Venezuela is edging closer every day to its breaking point.
A massive nationwide protest against President Nicolas Maduro is expected Wednesday. His critics are declaring that Venezuela's democracy is nearing collapse after Maduro quashed a referendum vote seeking to remove him from office.
"Only dictatorships deprive their citizens of rights," Luis Almagro, secretary general of the Organization of American States, said Saturday. "Today we are more convinced than ever of the breakdown of the democratic system."
Maduro's supporters on Sunday attempted to storm the National Assembly, which is controlled by the opposition party. Lawmakers from the opposition responded Tuesday by calling on Maduro to testify before them to determine whether he should be removed from office.
All this is happening in a year when its citizens have battled with food and medicine shortages, sky high inflation and dwindling options.
How did it get so desperate in Venezuela -- a country sitting on more oil than any other in the world?
Here are 4 reasons why it's diving deeper into crisis mode.
1. Economic crisis: three years of recession
Venezuela is in its third year of recession. Its economy is expected to contract 10% this year, according to the International Monetary Fund. The IMF forecasts Venezuela will be in recession until at least 2019.
While the economy shrinks, the price of goods is skyrocketing. This year, inflation is expected to rise 475%, according to the IMF.
Venezuela's currency has plummeted in value. Consider this: one dollar equaled 100 bolivars exactly two years ago. Today, a dollar gets you 1,262 bolivars, according to DolarToday.com, which tracks the popular, unofficial rate.
Years of excessive government spending on welfare programs, poorly managed facilities and dilapidated farms set the stage for the crisis.
2. Venezuela's broken engine: oil
Things got really bad when oil prices started to plunge in 2014. Venezuela has the world's largest oil reserves, but the problem is that oil is the only game in town. It makes up over 95% of Venezuela's revenue from its exports. If it doesn't sell oil, the country doesn't have money to spend.
Oil prices were over $100 a barrel in 2014. Today, they hover around $50 a barrel, after dropping as low as $26 earlier this year.
The problem is that Venezuela has not taken care of its cash cow -- squandering opportunities to invest in its oilfields when times were good. Because the country has neglected with the upkeep of its oil facilities, production has dropped to a 13-year low.
Venezuela's state-run oil company, PDVSA, hasn't paid the companies that help extract its oil, such as Schlumberger (. In the spring, Schlumberger and other companies dramatically reduced operations with PDVSA, citing unpaid bills. )
PDVSA warned last week that it could default on its debt if bondholders didn't accept new payment terms. On Monday, just enough investors accepted a new deal that will allow PDVSA to likely avoid default this year. However, experts say it's only delayed a default by a few months.
3. Soaring food prices & broken hospitals
Venezuela's food shortages became extremely severe this year. Venezuelans went weeks, in some cases months, without basics like milk, eggs, flour, soap and toilet paper.
Despite a crashing currency and falling oil revenue, the government continued enforcing strict price controls on goods sold in the supermarkets. It forced food importers to stop bringing in virtually everything because they would have had to sell it for a major loss.
In the first half of 2016, food imports were down by nearly 50% from the same time a year ago, according to several estimates.

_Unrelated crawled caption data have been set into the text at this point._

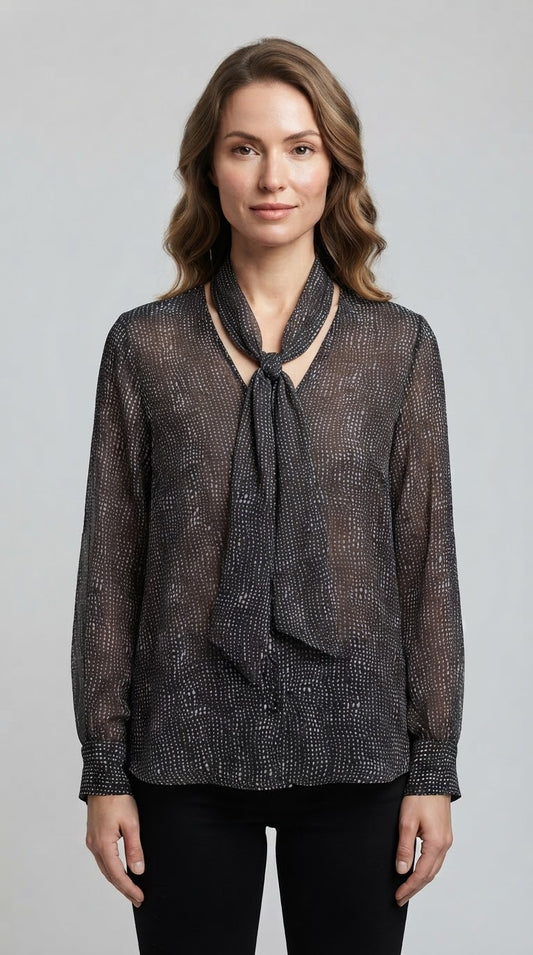 Camicia Two Way a pois bianchi irregolari con fondo moro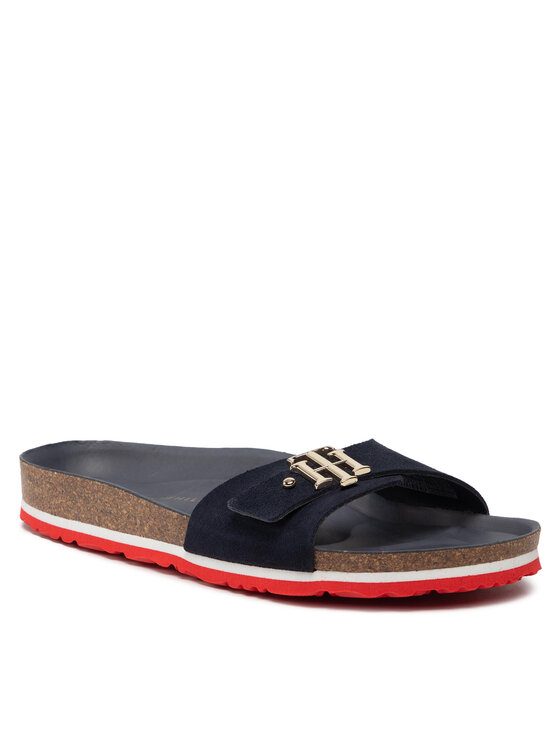 Tommy Hilfiger Klapki Tommy Hilfiger Th Molded Footbed Flat Sandal FW0FW06244 Granatowy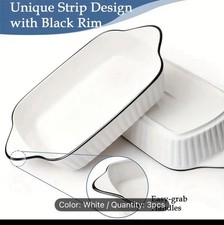 Baking Dishes Set of 3 Rectangular Lasagne Dishes, Small Ceramic Baking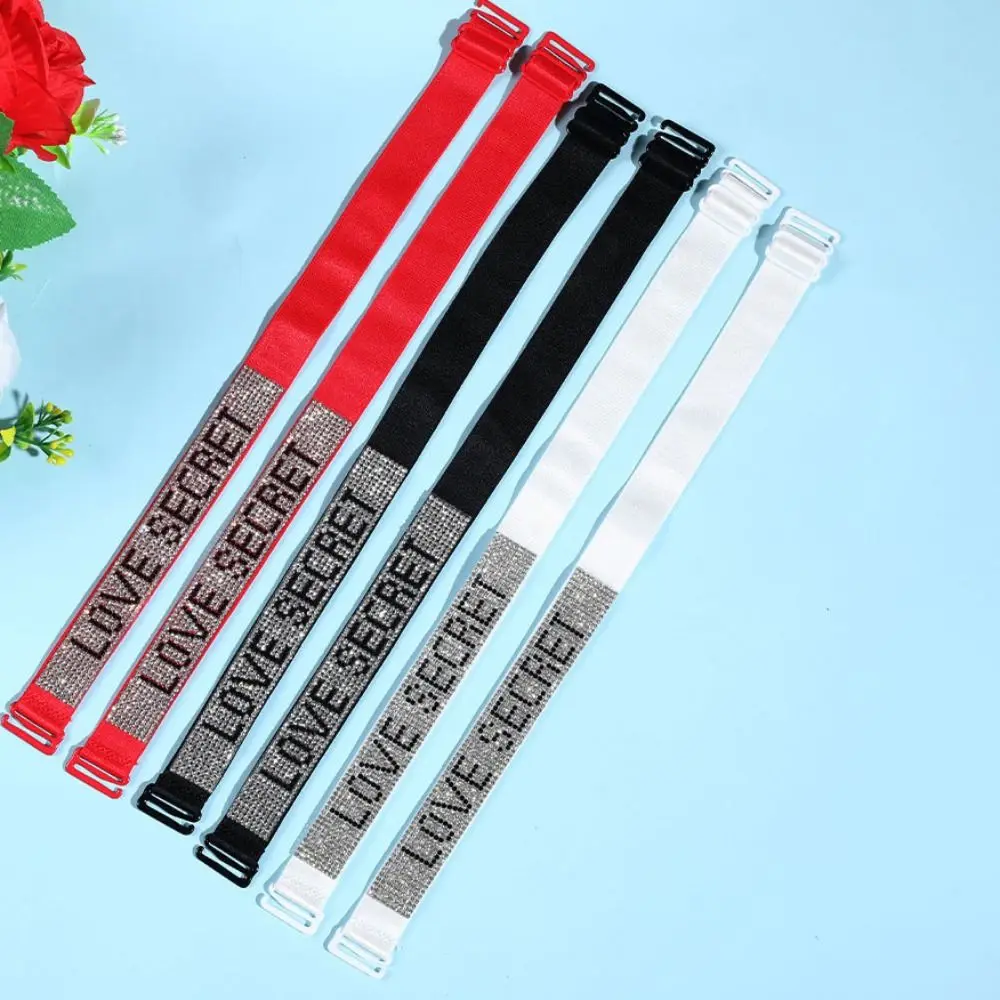 Strap Letra Strass Bra, Double-Ombro Sutiã Acessórios, Roupa Interior Anti-Slip Buckle Belt
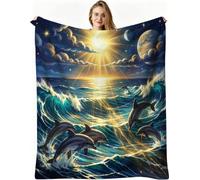 Dozrmey Coperta Pile Singolo, Quadro Blu, 150x200 cm, AQ5199 | Tessuto Flanella Soffice e Caldo, per Tutte le Stagioni, Voluminosa non si Deforma, per Casa e Viaggi, Lavabile in Lavatrice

Only recently has the government stopped enforcing price controls, and food has returned to supermarket shelves. However, prices are so high that few Venezuelans can afford the food.
Medicine remains in short supply too. Venezuelans hunt for penicillin and other remedies at pharmacies everywhere, often without any success. The country's public hospitals have fallen apart, causing people, even infants, to die due to the scarcity of basic medical care.

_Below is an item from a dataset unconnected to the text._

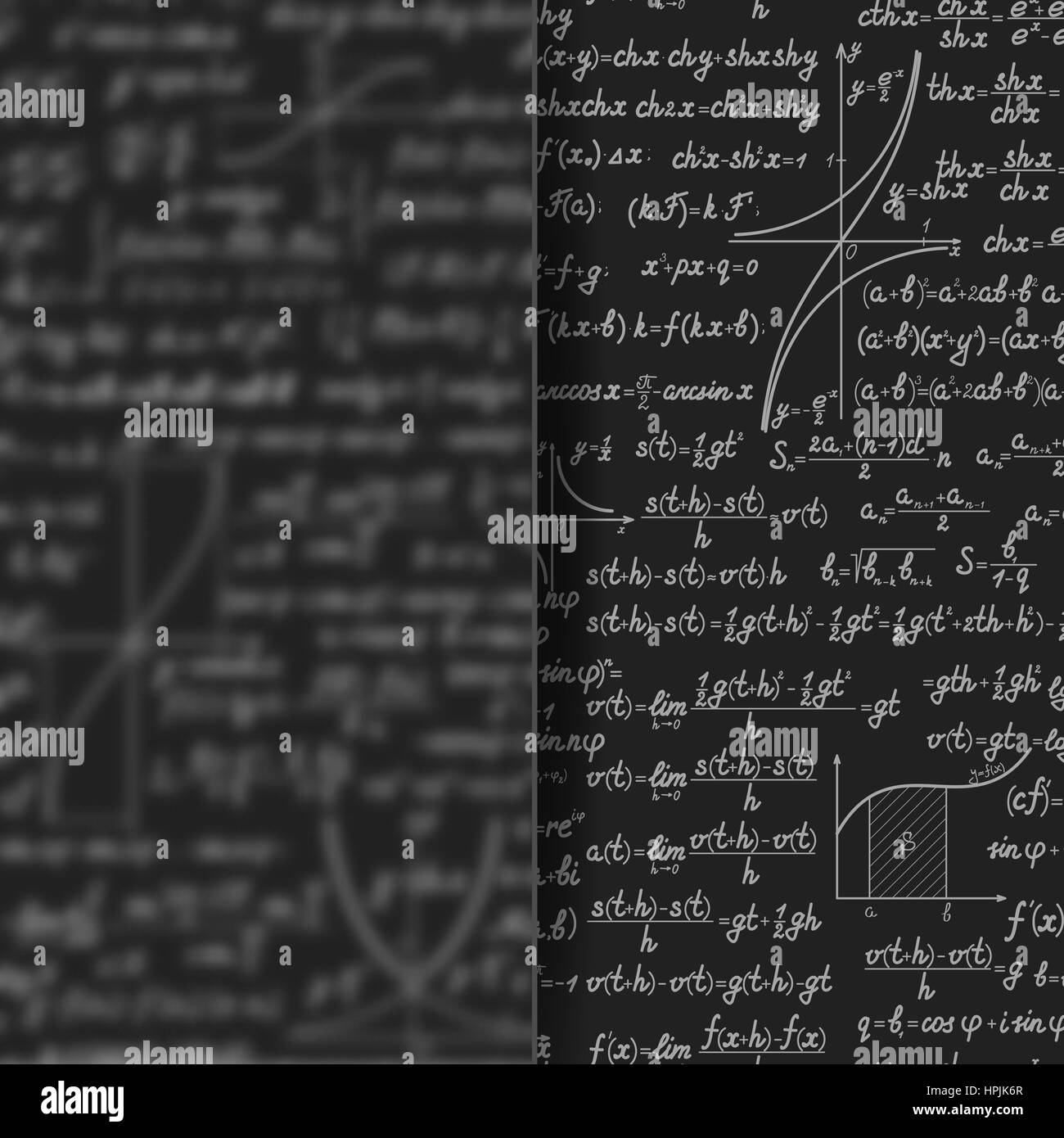 Abstract vettore matematica di sfondo dietro il vetro opaco banner. Sfondo scientifico con le formule, figure con copia spazio su vellutata di vetro su scheda Illustrazione Vettoriale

4. Running out of cash and gold
Venezuela is running out of cash quickly. It doesn't have enough money to pay its bills for too long.
The math just doesn't add up: It owes $15 billion between now and the end of 2017, while the nation's central bank only has $11.8 billion in reserves. At the same time, Venezuela's only other cash source, PDVSA, is pumping less oil and risking default.
Most of its reserves are in the form of gold. So, to make debt payments this year, Venezuela has shipped gold bars to Switzerland.
China used to bail out Venezuela and loan it billions of dollars. But even China has stopped giving its Latin American ally more cash.
Wednesday's protests are a stark reminder that Venezuela is running out of time, money and options very quickly.
"Tempers are getting hot in Venezuela," says Eric Farnsworth, vice president at Council of the Americas. "All the indicators are that the situation is deteriorating fast and it's not going to get better anytime soon."